◆ Task instructions ◆
Your job is to return each record exactly, minus any pictures.

___ Records supplied ___

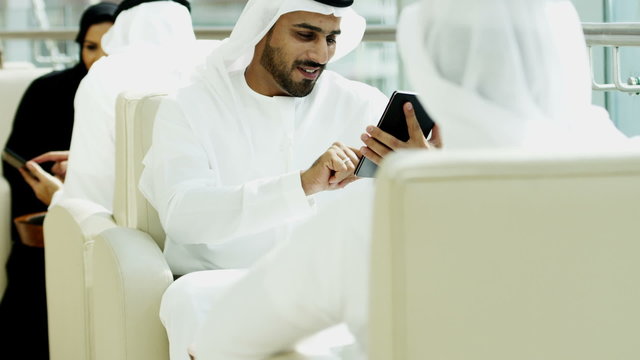 Emirati male female business colleagues meeting oil commodity tablet technology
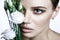 Calm Beauty Fashion Model Woman face. Portrait with white Rose flower.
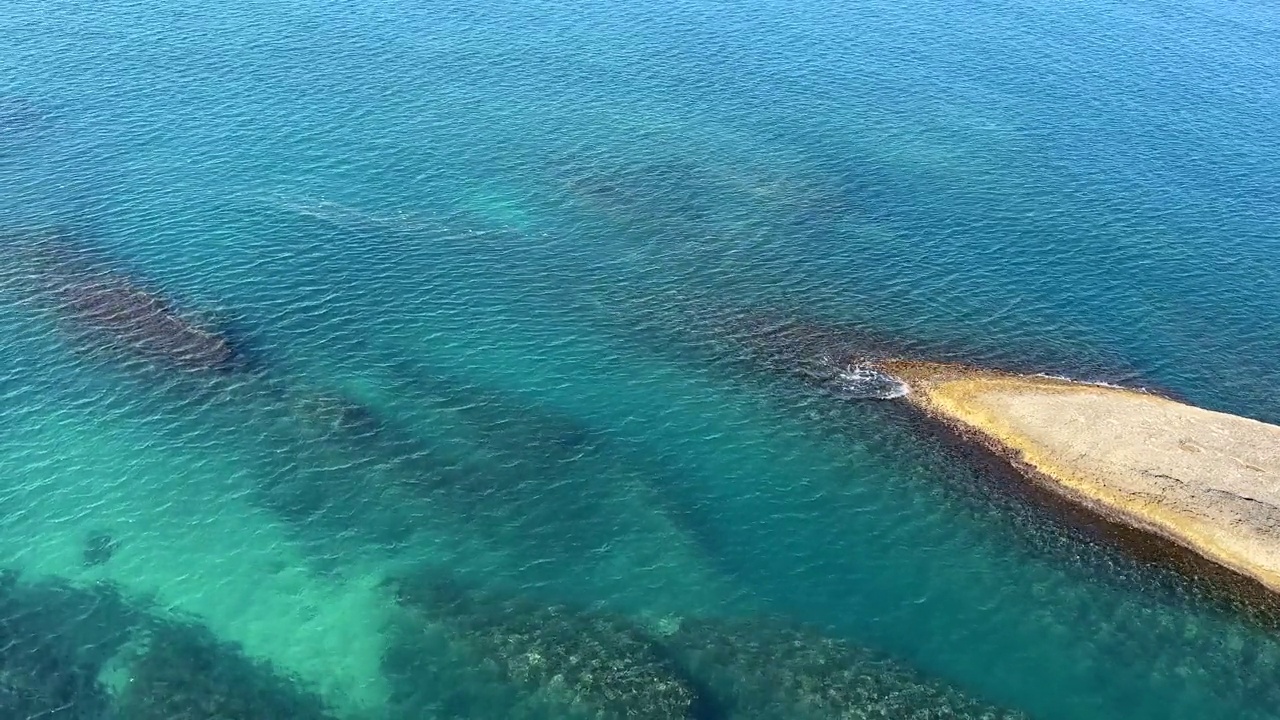 蓝绿色的海水和岩石海岸。视频素材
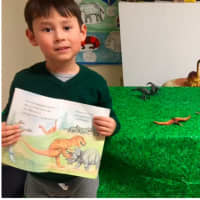 <p>Tommy Mullen has fun with dinosaurs at the Weinberg Nature Center in Scarsdale.</p>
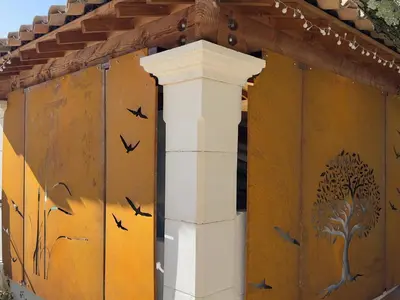 a building with a wall with birds painted on it at Les Tournillayres in Bédoin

___

◆ Task result ◆
 Emirati male female business colleagues meeting oil commodity tablet technology
 Calm Beauty Fashion Model Woman face. Portrait with white Rose flower.
 蓝绿色的海水和岩石海岸。视频素材
 <p>Tommy Mullen has fun with dinosaurs at the Weinberg Nature Center in Scarsdale.</p>
 a building with a wall with birds painted on it at Les Tournillayres in Bédoin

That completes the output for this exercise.